[Data records Boundary: Start]

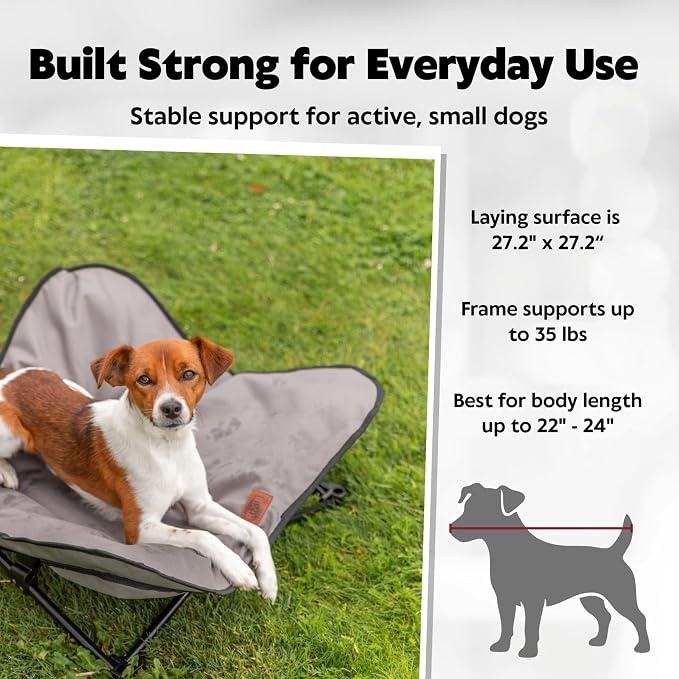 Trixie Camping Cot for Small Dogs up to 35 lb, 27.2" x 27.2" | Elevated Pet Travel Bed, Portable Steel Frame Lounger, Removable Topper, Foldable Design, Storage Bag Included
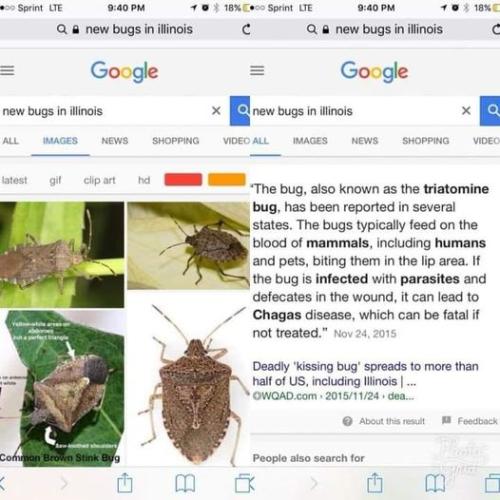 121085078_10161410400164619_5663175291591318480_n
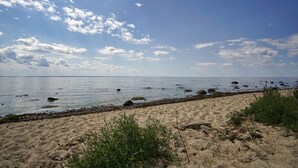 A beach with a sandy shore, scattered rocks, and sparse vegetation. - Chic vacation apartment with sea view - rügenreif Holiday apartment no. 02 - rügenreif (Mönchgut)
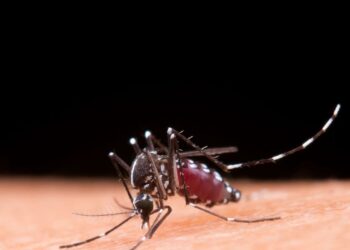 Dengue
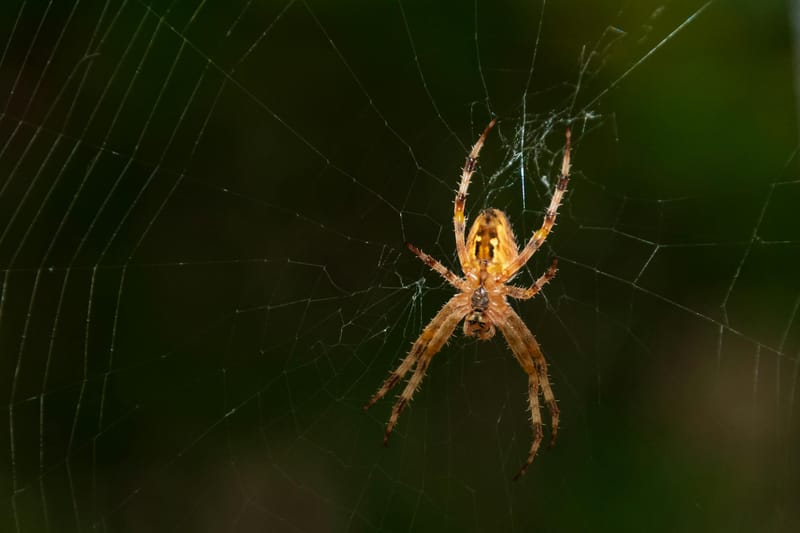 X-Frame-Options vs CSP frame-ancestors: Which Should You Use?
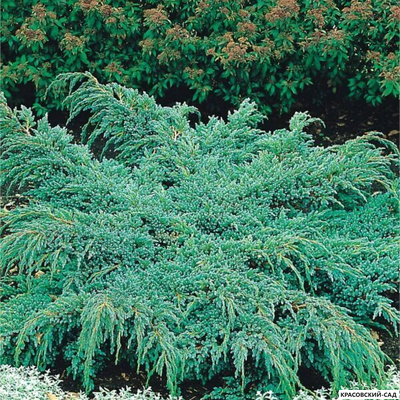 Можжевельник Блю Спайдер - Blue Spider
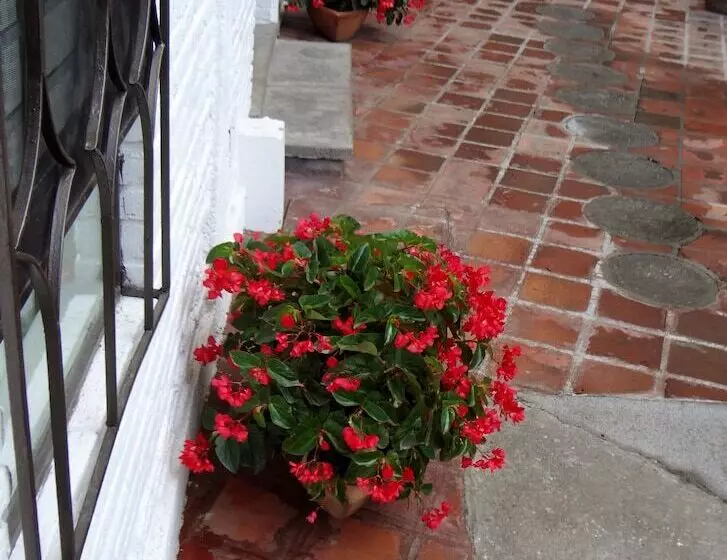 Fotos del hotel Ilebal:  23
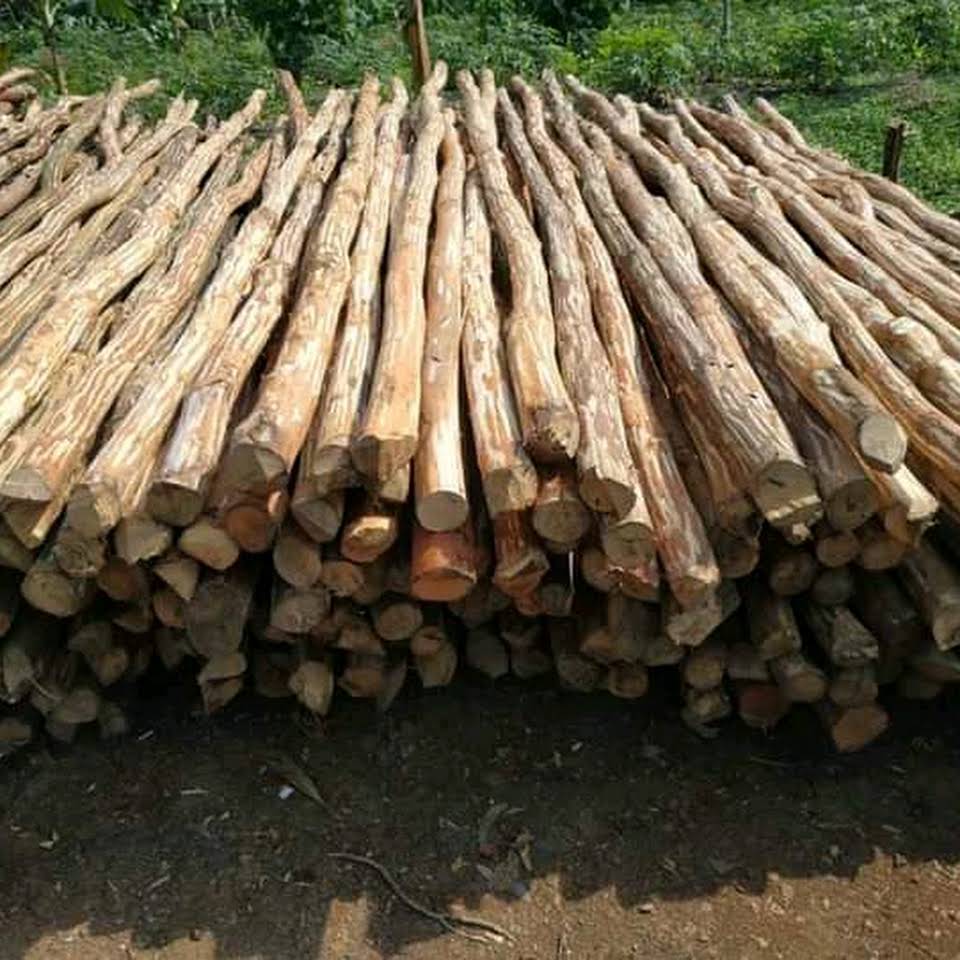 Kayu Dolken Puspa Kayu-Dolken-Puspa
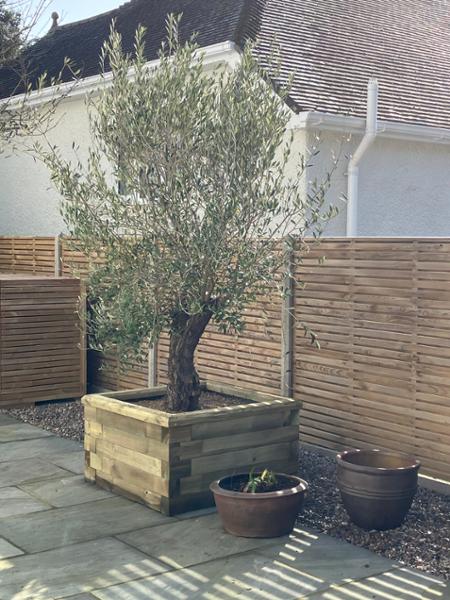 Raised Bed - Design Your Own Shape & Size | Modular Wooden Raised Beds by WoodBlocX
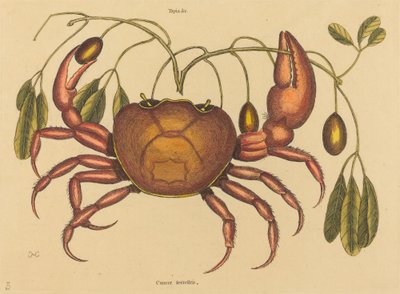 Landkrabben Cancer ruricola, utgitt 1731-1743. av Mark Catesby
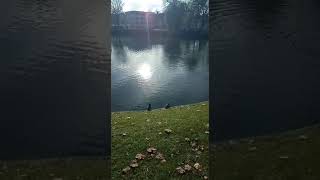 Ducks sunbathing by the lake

[Data records Boundary: End]
[Data records Boundary: Start]

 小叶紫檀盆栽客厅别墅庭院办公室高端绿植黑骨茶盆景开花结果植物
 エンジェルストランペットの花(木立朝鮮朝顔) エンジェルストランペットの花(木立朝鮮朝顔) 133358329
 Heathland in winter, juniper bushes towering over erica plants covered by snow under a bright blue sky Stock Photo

[Data records Boundary: End]
[Data records Boundary: Start]

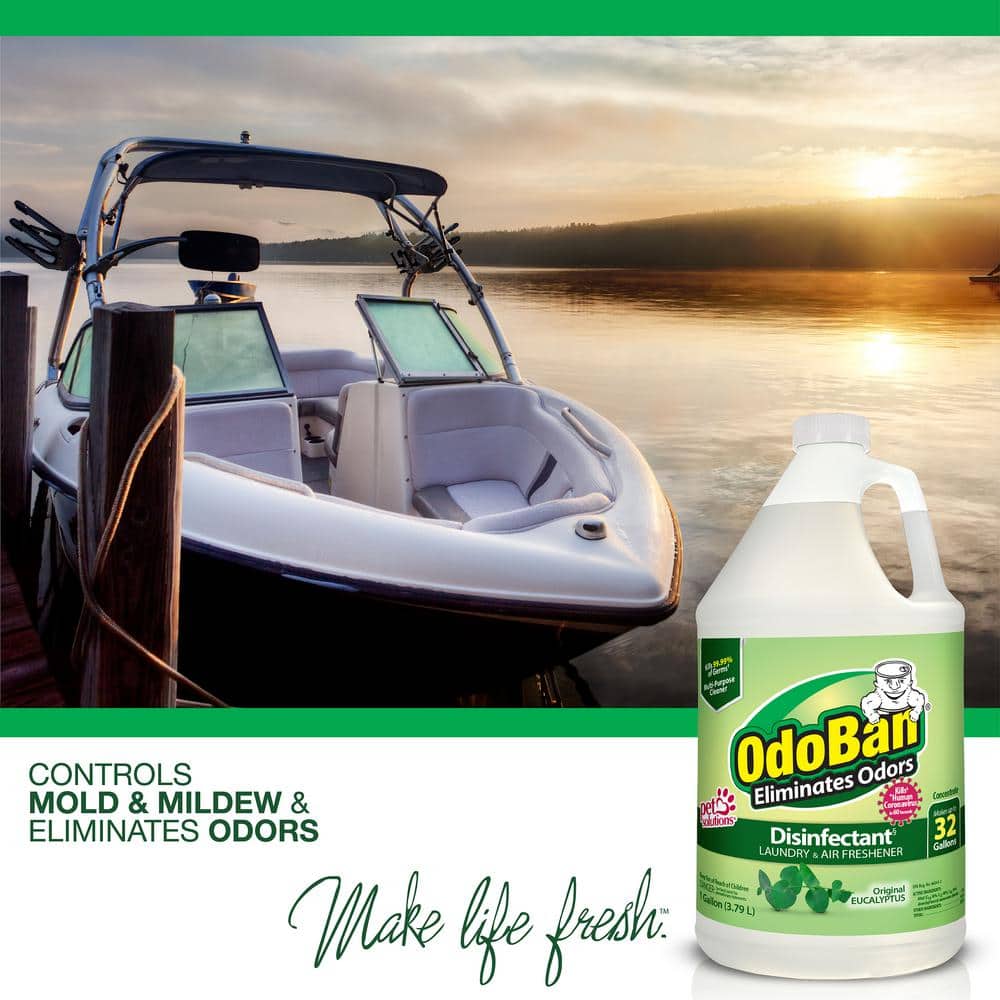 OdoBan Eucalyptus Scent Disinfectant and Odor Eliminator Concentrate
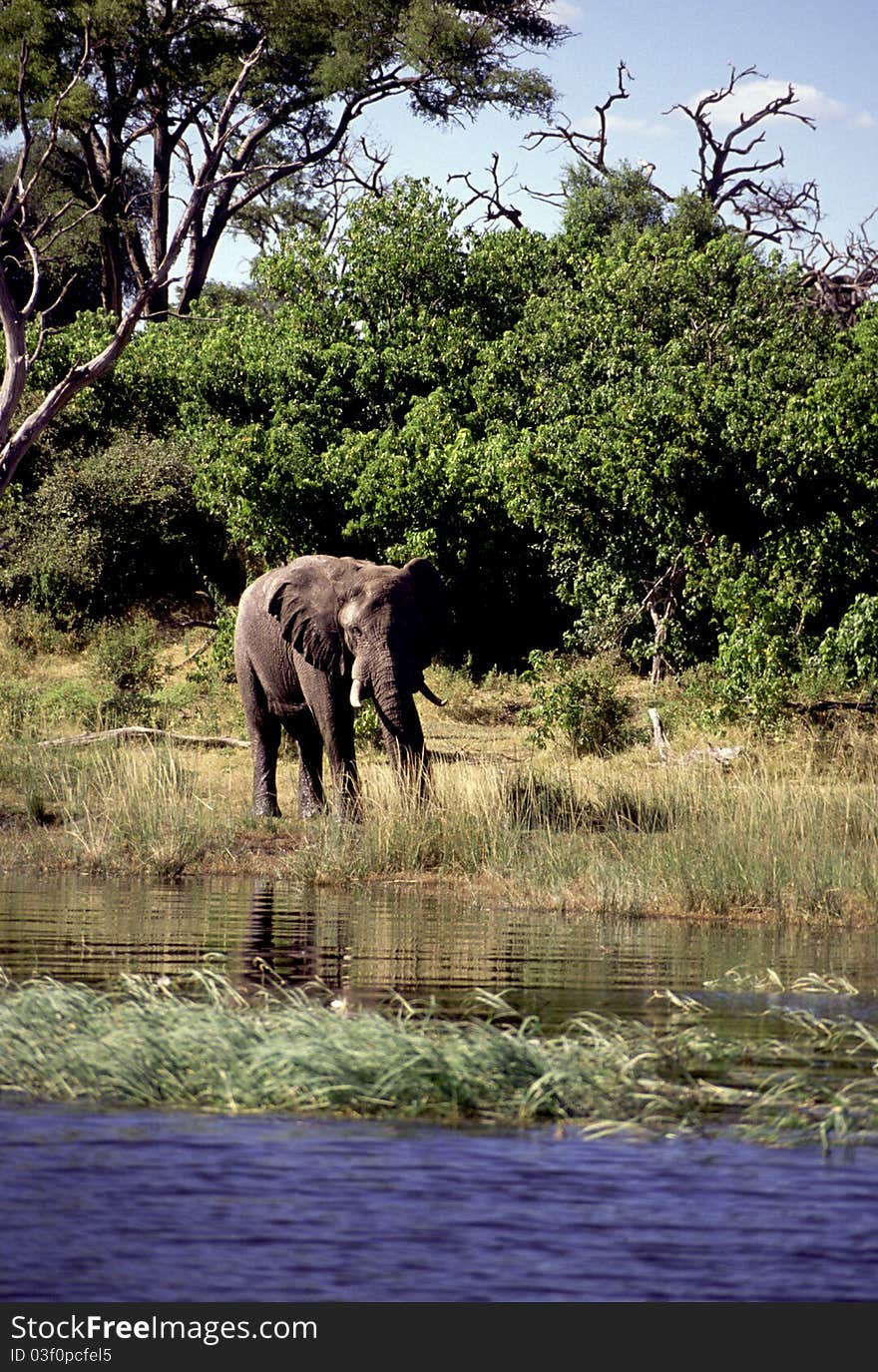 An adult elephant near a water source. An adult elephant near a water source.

[Data records Boundary: End]

**Problem details**
Reproduce word for word, with pictures dropped, only the part of the material above that opens with the line containing "Raised Bed - Design" and closes with the line containing "Ducks sunbathing by the lake".

**Finished exercise**
 Raised Bed - Design Your Own Shape & Size | Modular Wooden Raised Beds by WoodBlocX
 Landkrabben Cancer ruricola, utgitt 1731-1743. av Mark Catesby
 Ducks sunbathing by the lake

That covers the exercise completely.